Honorable Mention: Northwestern. Pat Fitzgerald’s team is 5-0 after Saturday’s 17-7 win over No. 10 Wisconsin. The Wildcats intercepted Graham Mertz three times and came away with five takeaways overall. Northwestern now has sole possession of first place in the Big Ten West, the head-to-head tiebreaker over the Badgers and Michigan State, Minnesota and Illinois left on the schedule. Two wins in its last three games will send Northwestern to the Big Ten Championship game.
The Bad: Big Ten Officiating. Friday night’s contest between Minnesota and Purdue should’ve ended with a Boilermakers win following Jack Plummer’s go-ahead touchdown pass late in the fourth quarter, but the play was called back for a phantom offensive pass interference call. Plummer was intercepted on the next play and Minnesota held on for the win. Purdue head coach Jeff Brohm said he was never given a clear explanation of the penalty. It’s because there wasn’t one. There seemed to be nothing in the replay pointing to any justification for the call. It’s a blown call that cost Purdue the game. Plain and simple.
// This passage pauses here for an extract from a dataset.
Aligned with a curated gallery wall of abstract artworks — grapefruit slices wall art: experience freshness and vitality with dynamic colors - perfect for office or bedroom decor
Honorable Mention: Wisconsin. Credit has already been given to where it’s due with Northwestern, but the Badgers followed up its win over Michigan with a dud against the Wildcats. Wisconsin was held to a mere 136 yards rushing and were inefficient through the air. The five turnovers didn’t help. Wisconsin also has the tougher schedule to close out the regular season with home games against Minnesota and Indiana before heading to Iowa.
The Ugly: Oklahoma State. The Cowboys were the only team in the Big 12 with less than two losses. That changed Saturday after suffering a 41-13 beatdown in Bedlam to rival Oklahoma. The Cowboys were in the driver’s seat for a spot in the Big 12 Championship game. Now they need help to claw their way back into the mix. Oklahoma, meanwhile, sits in the No. 2 spot behind Iowa State.
Honorable Mention: Georgia. Winning ugly is still winning. It’s also still ugly. Georgia’s 31-24 win over Mississippi State moved the Bulldogs to 5-2, but unless Florida suffers an inexplicable collapse and Georgia wins out, the Bulldogs are merely playing for pride at this point. JT Daniels appears to be the answer at quarterback after throwing for 401 yards and four touchdowns, but Georgia needed a go-ahead touchdown in the fourth quarter and a defensive stop to seal the win despite being 23.5-point favorites at home. 2021 will be a big one for Kirby Smart in Athens.